**YOUR TASK:** After finding "ЖК Паркове місто: планування" in the material below, output its line and every line after it through the last, exactly, but not the pictures.

═════ ENTRIES PROVIDED ═════

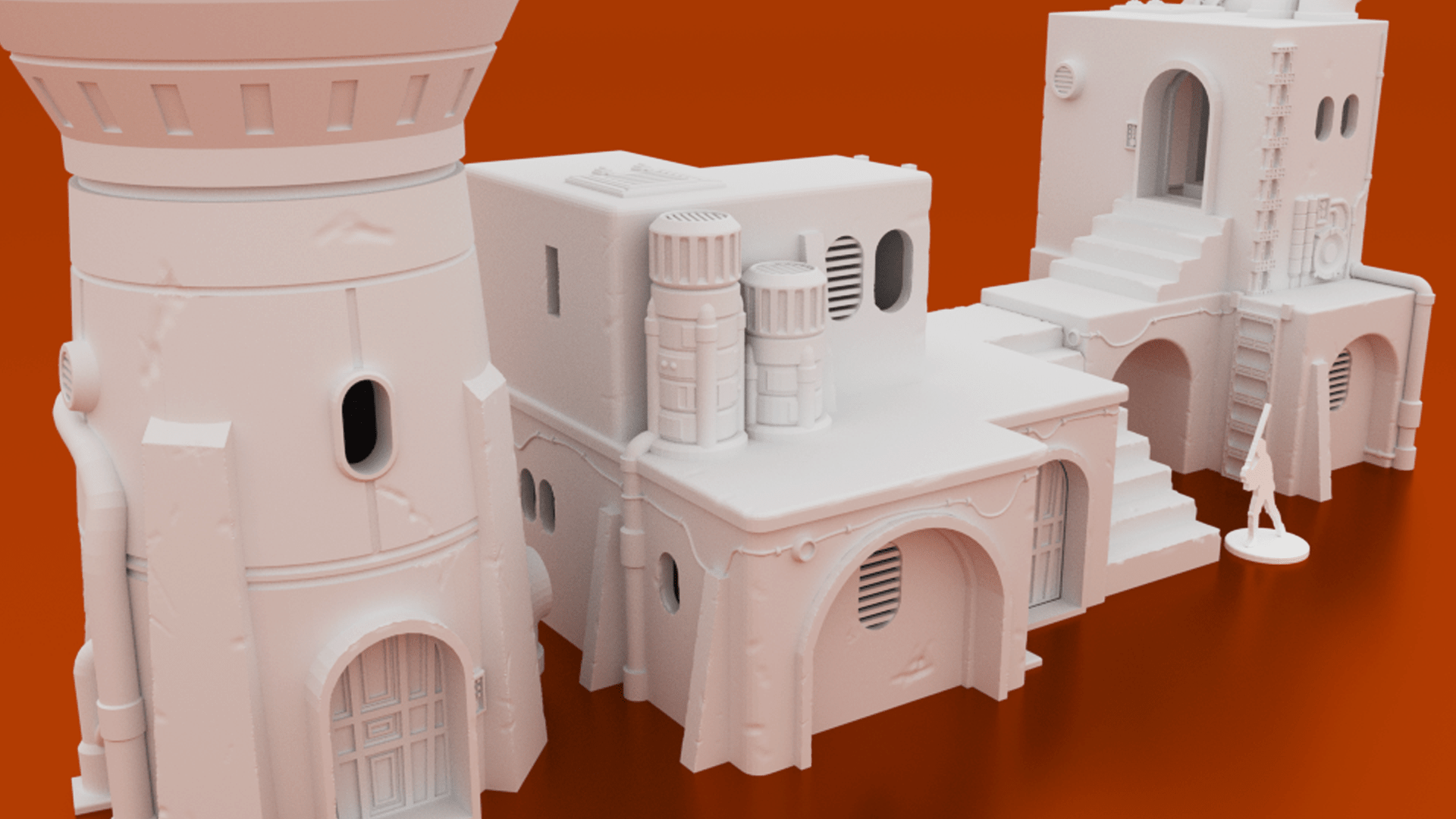 Pilgrim City Mega Terrain Bundle – 11 Sci-Fi Holy City Structures (28mm/40mm) - Northern Foundry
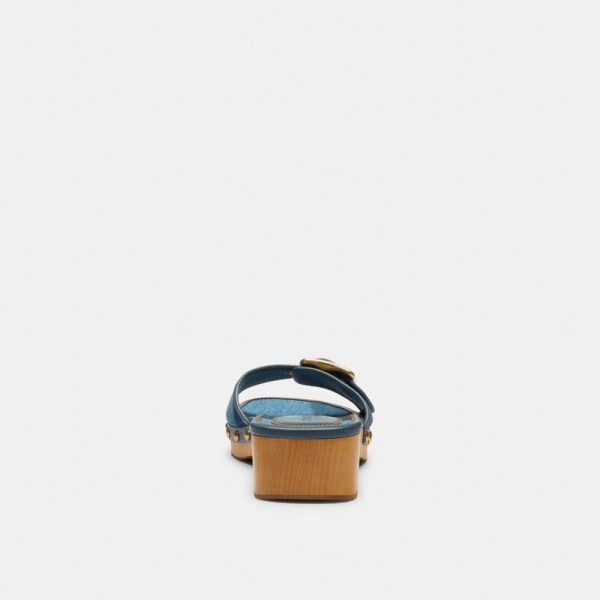 Coach Outlet Margot Wooden Sandal With Signature Denim Patchwork - Preorder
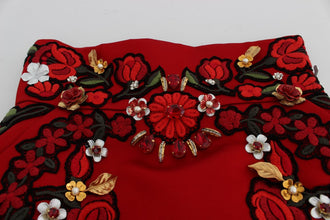Red Silk Crystal Roses Shorts Dolce & Gabbana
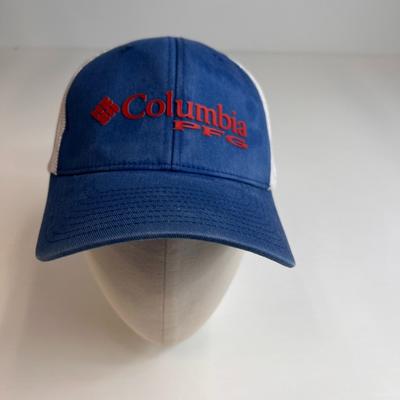 Columbia Accessories | Columbia Hat Men Medium Spell Out Pfg Usa Flag Mesh Stretch Hype Gym Core Cap Go | Color: Blue/White | Size: Os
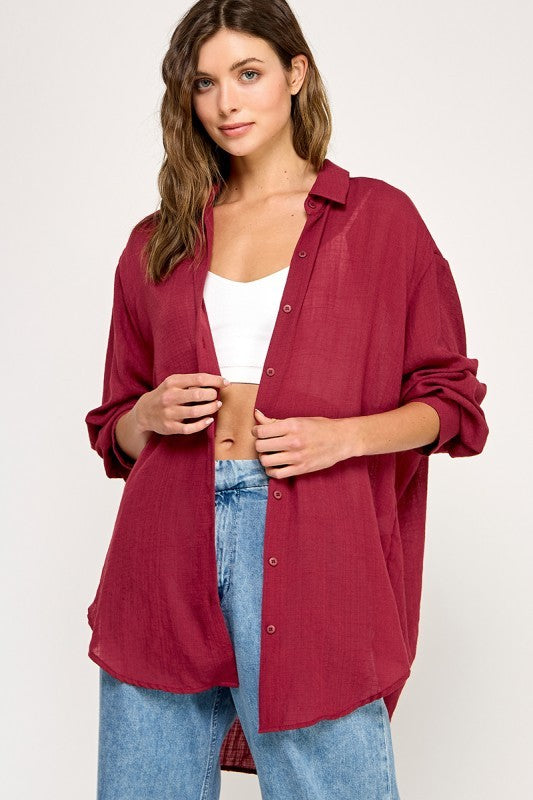 Burgundy Oversized Maternity Button Down Shirt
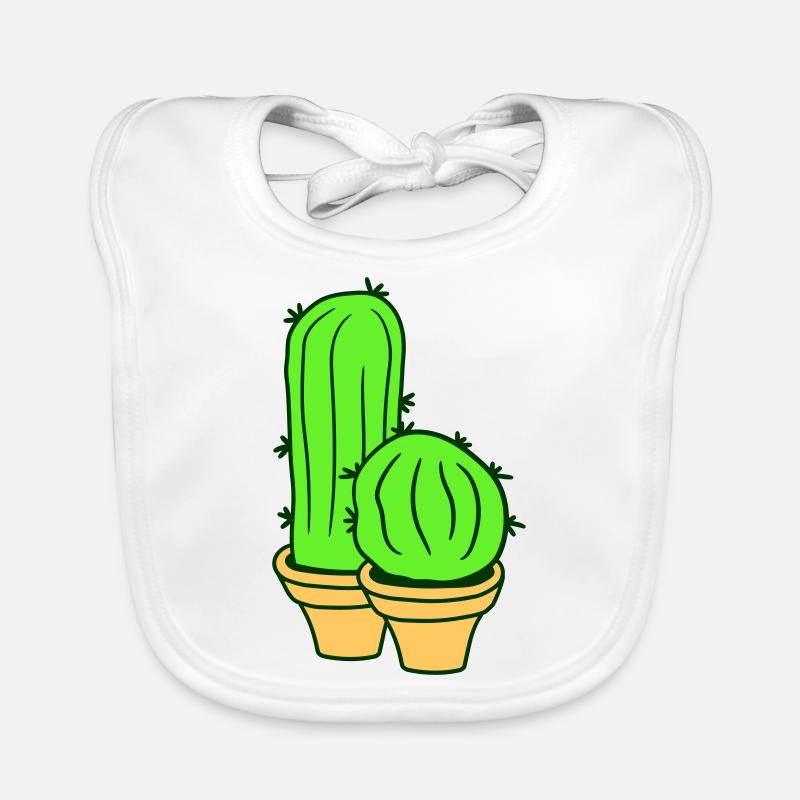 2 petits Cactus Cactus Épines Desert Pot de Fleurs Bavoir bio Bébé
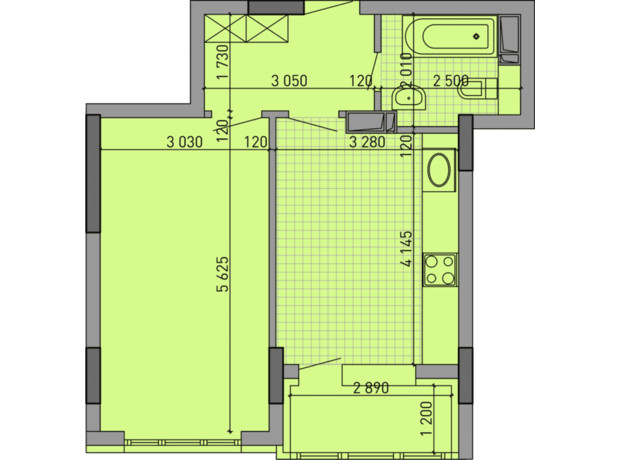 ЖК Паркове місто: планування 1-кімнатної квартири 43.39 м²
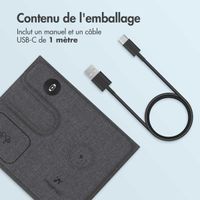 imoshion 3-en-1 Chargeur sans fil pliable Apple - iPhone / AirPods / Apple Watch - Gris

═════

**TASK OUTPUT:**
 ЖК Паркове місто: планування 1-кімнатної квартири 43.39 м²
 imoshion 3-en-1 Chargeur sans fil pliable Apple - iPhone / AirPods / Apple Watch - Gris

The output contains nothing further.